- _What is being asked_:
Every entry below should be repeated exactly; the pictures should not.

- _The input_:
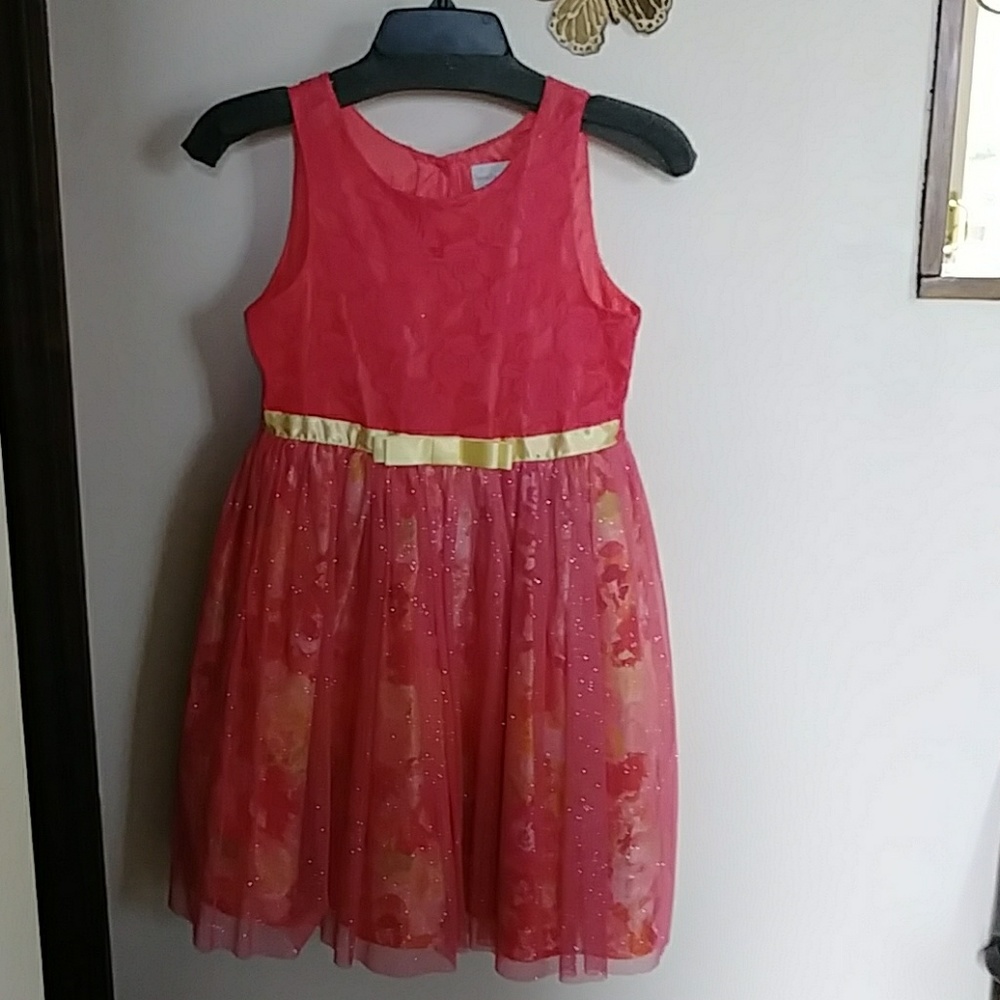 Sweet Heart Rose Dress Girls Size 12
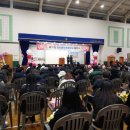 영천인터넷뉴스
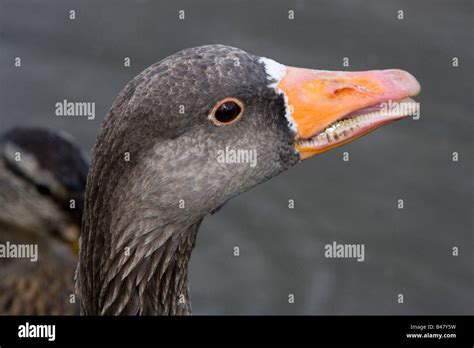 Canadian Geese Teeth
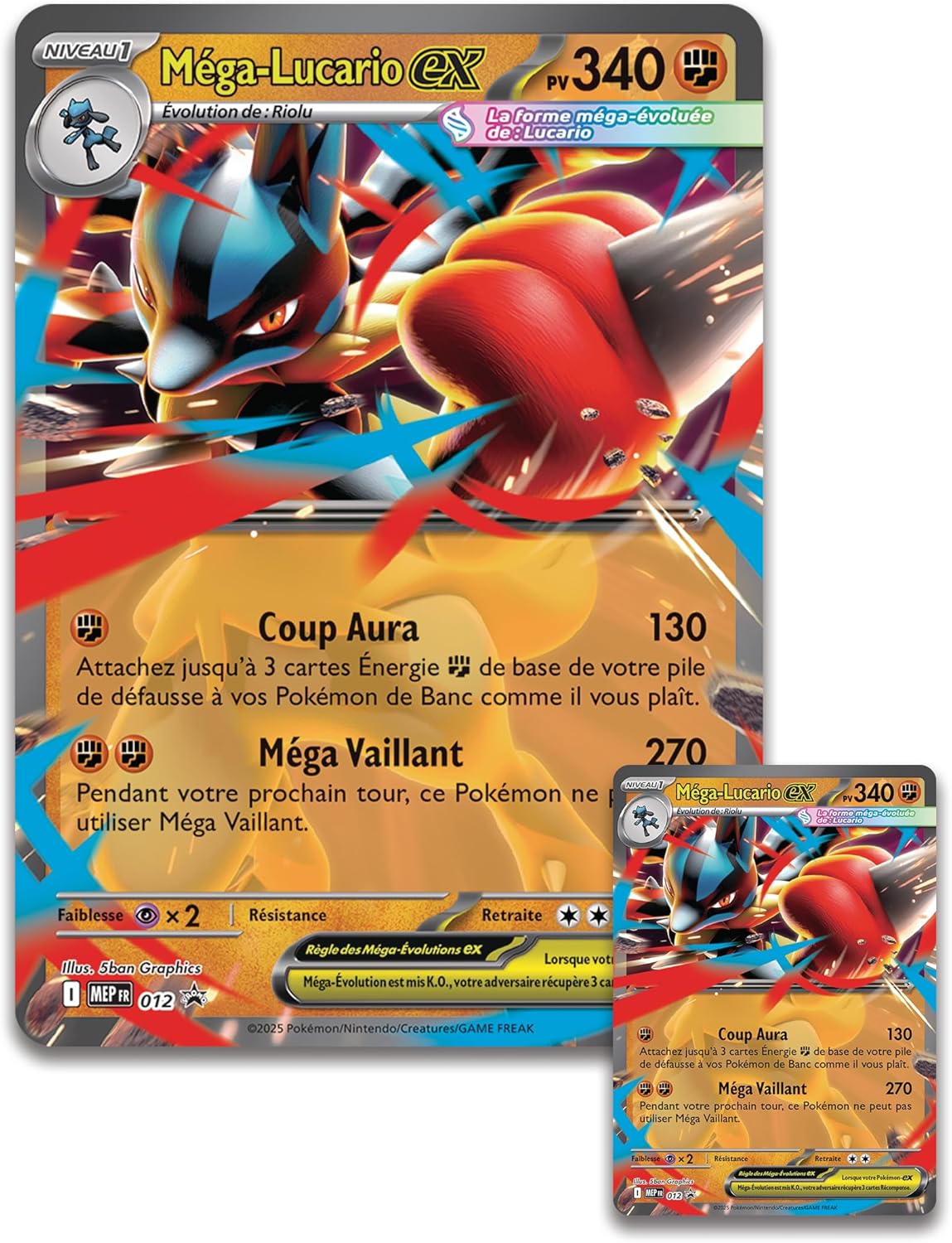Coffret Pokémon Mega Lucario EX TCGDistribution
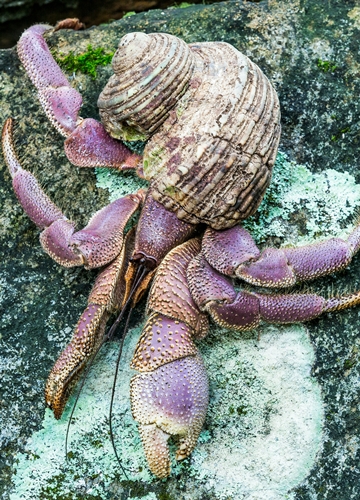 Crabe de cocotier aux Seychelles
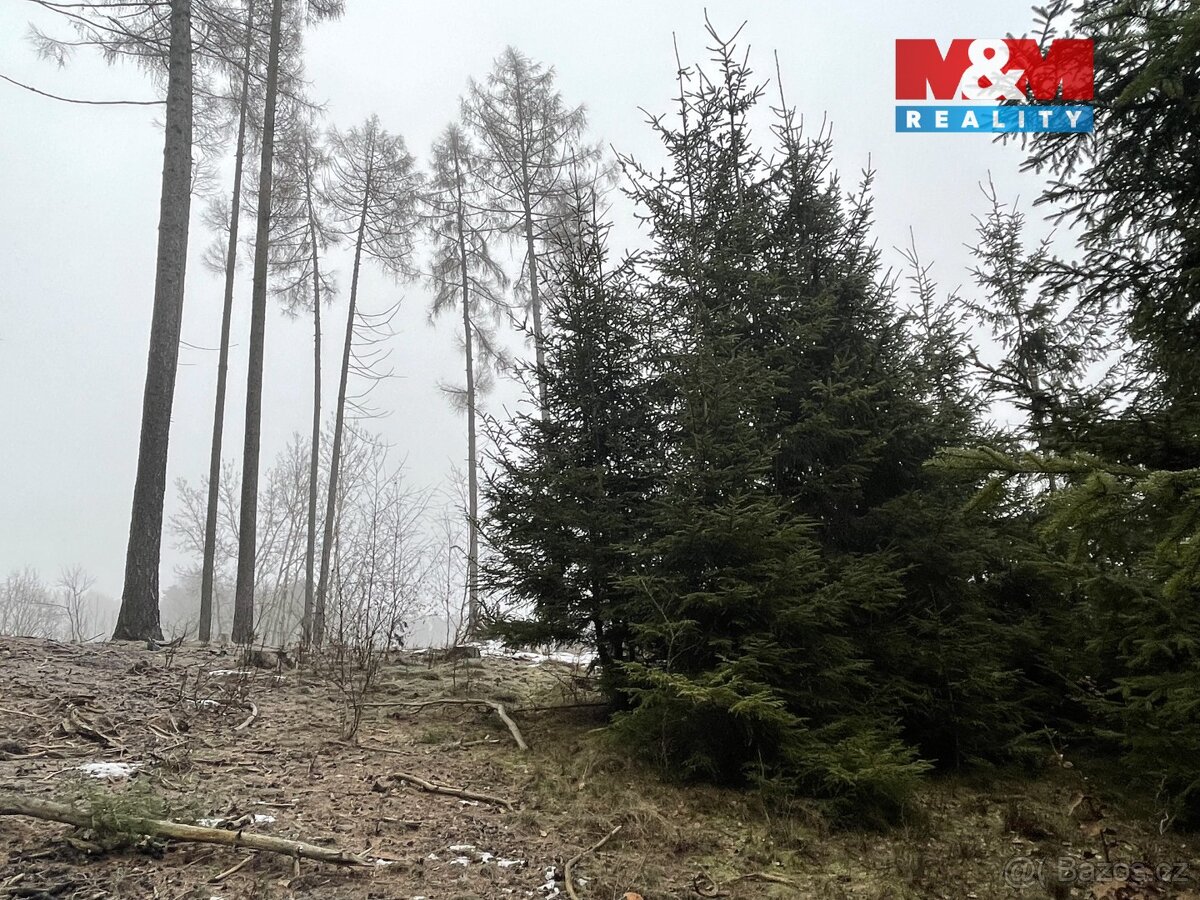 Prodej, les, 20194 m2, Pecka - 6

- _Finished exercise_:
 Sweet Heart Rose Dress Girls Size 12
 영천인터넷뉴스
 Canadian Geese Teeth
Coffret Pokémon Mega Lucario EX TCGDistribution
 Crabe de cocotier aux Seychelles
 Prodej, les, 20194 m2, Pecka - 6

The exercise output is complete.